For people not familiar with these libraries, DuckDB is an analytics database that doesn't require a running server (the SQLite of analytics it's usually called). Datafusion is an engine to build analytics databases or dataframelibraries on top of it. And Polars is mostly a pandas replacement, but in general faster, with an API more similar to Spark or R, and available also outside of the Python world.
The code to run these benchmarks can be found in this repository.
Non-Python options
There are surely many options outside of the Python world (and also inside the Python world), and I can't try each of them. For example I don't think it makes sense to try some of them, like distributed systems such as Spark or Dask, which are design to process much bigger data.

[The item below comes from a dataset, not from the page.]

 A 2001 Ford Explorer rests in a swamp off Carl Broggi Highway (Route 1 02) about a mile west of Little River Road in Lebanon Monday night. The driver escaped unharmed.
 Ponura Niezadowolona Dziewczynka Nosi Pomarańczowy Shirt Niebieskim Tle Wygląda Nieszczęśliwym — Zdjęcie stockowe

But there is one worth trying, R, as it's a very common option for this task.
While my knowledge of R isn't great, seems like it can be implemented with this simple command:
Rscript -e 'sum(sqrt(rowSums(read.csv("data.csv", header=FALSE)[-1] ^ 2)) < 1e16)'
The results are surprising, as R seems to be very slow:
Description | Time (seconds) |
---|---|
Pure Python looping with csv module using int types | 3.486 |
pandas with C engine | 2.061 |
pandas with Python engine | 8.823 |
pandas with PyArrow engine and PyArrow dtypes | 0.902 |
Polars with SQL API (Python) | 0.300 |
R | 31.547 |
R with data.table / fread | 0.722 |
Note that the results are different than in the previous table because previous results didn't account for the time to launch the Python interpreter, but to make the comparison with R fair, it needs to be accounted now.
So based on this use case and implementation, Polars is 100x times faster than R,
and R seems to be more than 3x times slower than the slowest Python implementation
we considered (the python
engine of pandas).
Can we be faster than Polars?
Until this point, we can conclude that for this use case Polars is the fastest option of the tools I'm aware of. But can we be even faster?

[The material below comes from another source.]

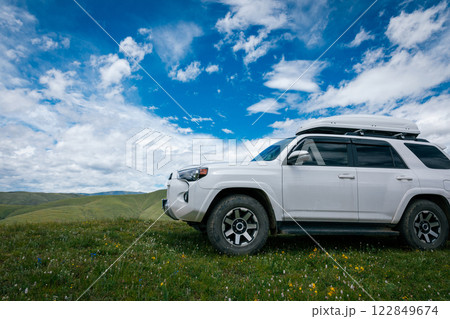 Offroad car on grassland mountain under blue sky 122849674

And the answer is yes, since Polars is a generic tool that supports most CSV files, but I can implement an algorithm targeted at this particular file. For example, Polars supports unicode files, files delimited by semicolon, quoted text... which we do not need for this task.

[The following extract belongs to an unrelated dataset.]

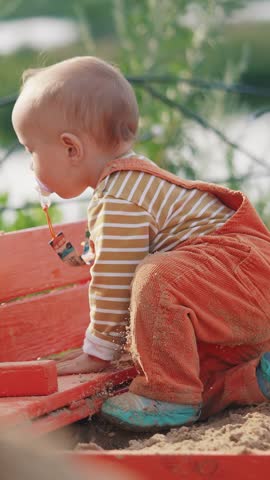 A small baby is climbing on a red bench. The baby wears an orange outfit with stripes and is surrounded by greenery near a lake.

The second question is, is it easy to implement an algorithm faster than Polars in a low level language? The answer is clearly no.
A first implementation of my CSV parser in Rust is next:
fn main() {
let mut counter: u16 = 0;
let mut reader = csv::Reader::from_path("data.csv").unwrap();
for record in reader.records() {
let record = record.unwrap();
let result = (
record.get(1).unwrap().parse::<f32>().unwrap().powf(2.)
+ record.get(2).unwrap().parse::<f32>().unwrap().powf(2.)
+ record.get(3).unwrap().parse::<f32>().unwrap().powf(2.)
+ record.get(4).unwrap().parse::<f32>().unwrap().powf(2.)
+ record.get(5).unwrap().parse::<f32>().unwrap().powf(2.)
+ record.get(6).unwrap().parse::<f32>().unwrap().powf(2.)
+ record.get(7).unwrap().parse::<f32>().unwrap().powf(2.)
+ record.get(8).unwrap().parse::<f32>().unwrap().powf(2.)
).sqrt();
if result < 1e16 {
counter += 1;
}
}
println!("{}", counter);
}
As you can see, the implementation is quite simple, and while Rust is an extremely fast low level language in many cases the code is as readable as Python. This is not the only reason to use Rust, as probably the biggest advantage is the language design and the smart compiler, that catch most bugs at compilation time, in particular most bugs that would make a C/C++ program segfault.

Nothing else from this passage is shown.